Assuming everything is peachy and the spacecraft and hypothetical crew survives the experience of seeing the very air turn into an incandescent, glowing plasma around them, there's a couple of other things the capsule needs to do on its way home, like deploy parachutes to slow it down to a genteel 20 mph. It almost seems insignificant after plummeting through screaming napalm death at five and half miles per second, but without those parachutes for that last little bit of breaking, the sudden stop at the end would still turn the capsule and everything inside to shrapnel and tragedy.

Once slowed to a more stately speed, the Orion will then splash down in the ocean and float along merrily — at which point it's the Navy's job to recover the spacecraft and ensure that the astronauts aren't forced to turn to piracy as they spend the rest of their days sailing the seven seas in their capsule.

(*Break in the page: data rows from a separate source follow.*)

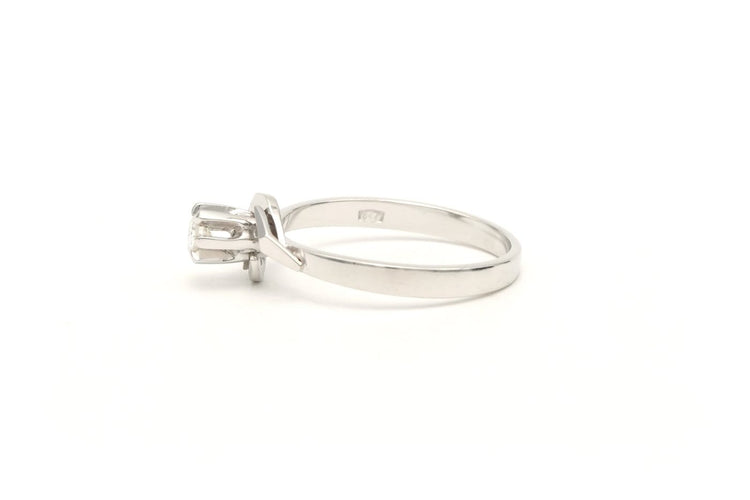 53 Bague Années 50 en or blanc 18 carats et diamant 58 Facettes 22910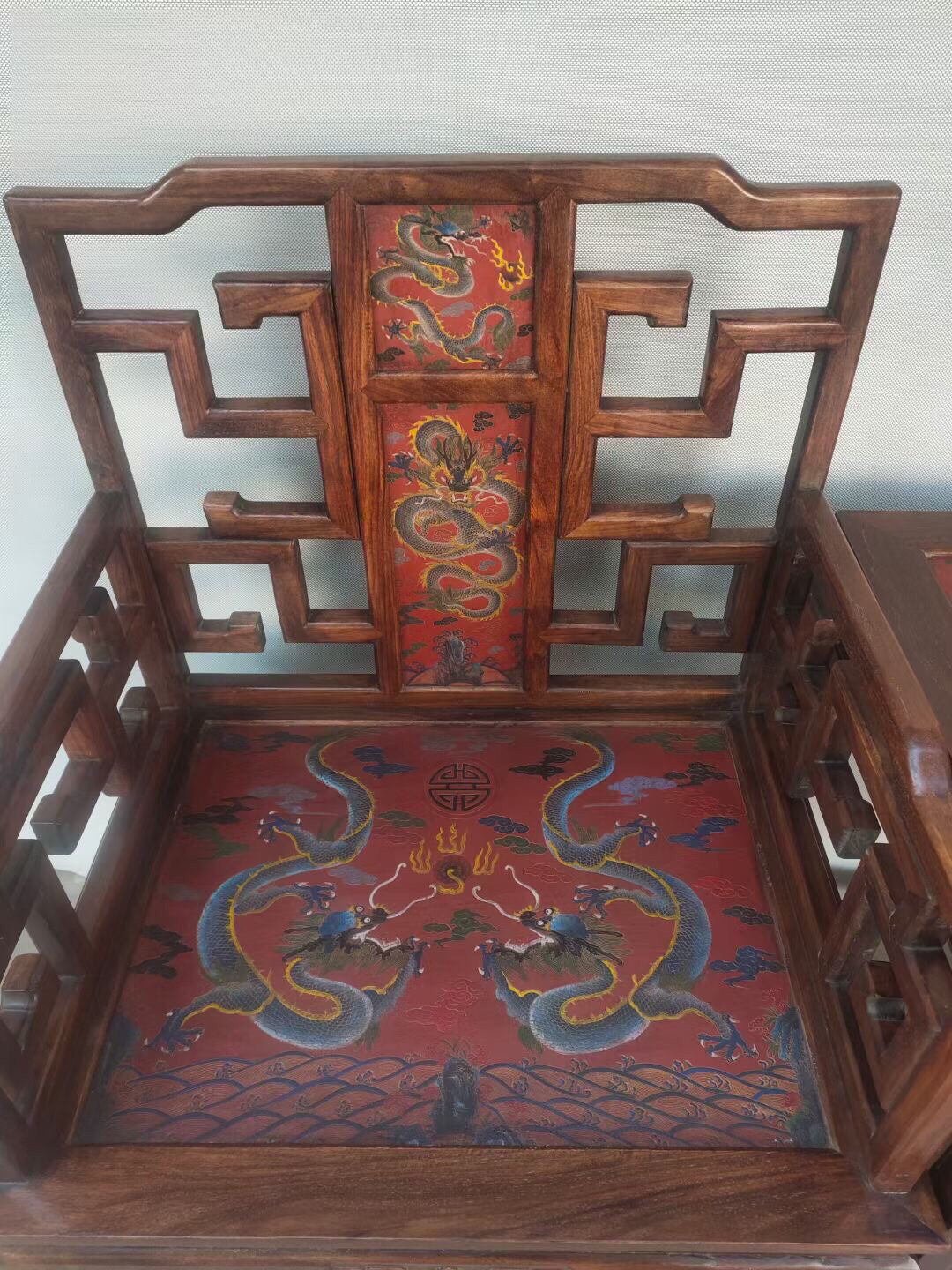 A set of Chinese antique rosewood grand chairs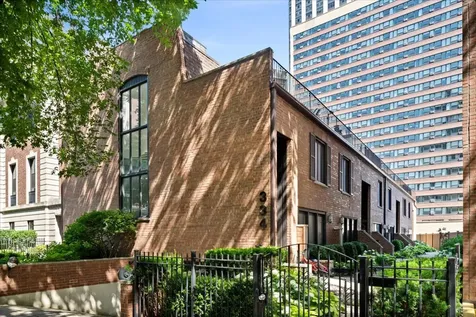 334 West Barry Avenue Chicago IL 60657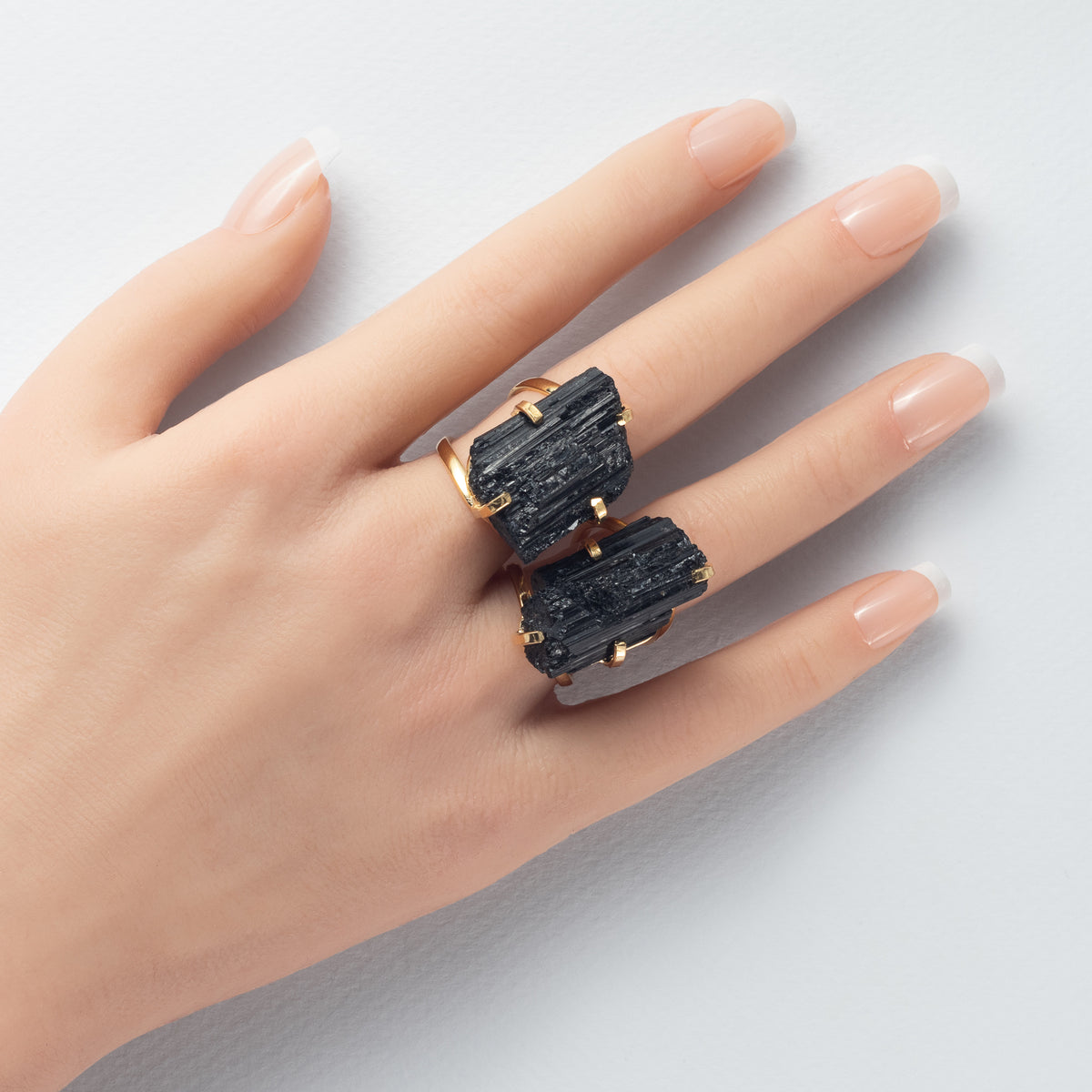 Bague en onyx noir facetté forme libre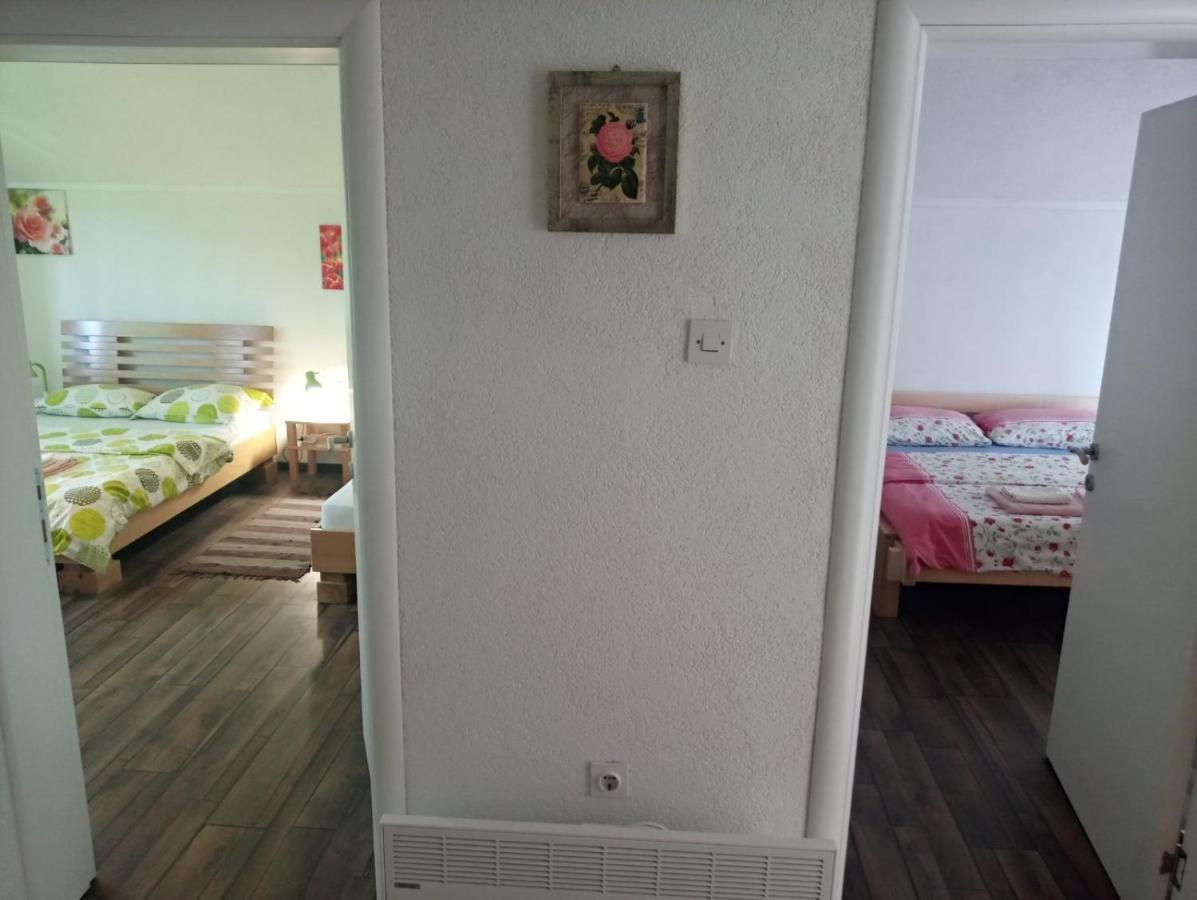 Apartment Gradina Korenica Exterior foto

Although the idea of astronaut pirates boarding unsuspecting ships from a floating space capsule is undeniably cool, both the Orion and the astronauts are intended to be reusable, and the US government will be keen to get both the crew and the spacecraft safely back to shore so that it has the option of shooting them up into space again.

Successful re-entry, splashdown, and recovery won't mean that NASA is quite ready to start flinging astronauts to the far corners of the cosmos; the service module and launch vehicle aren't yet ready for prime time. Even if it all goes as planned, getting all the other systems ready will take a few years. But a success on Friday will mean that NASA has developed effective technologies that are vital to getting the people with the Right Stuff through the toughest commute in (or off) the world.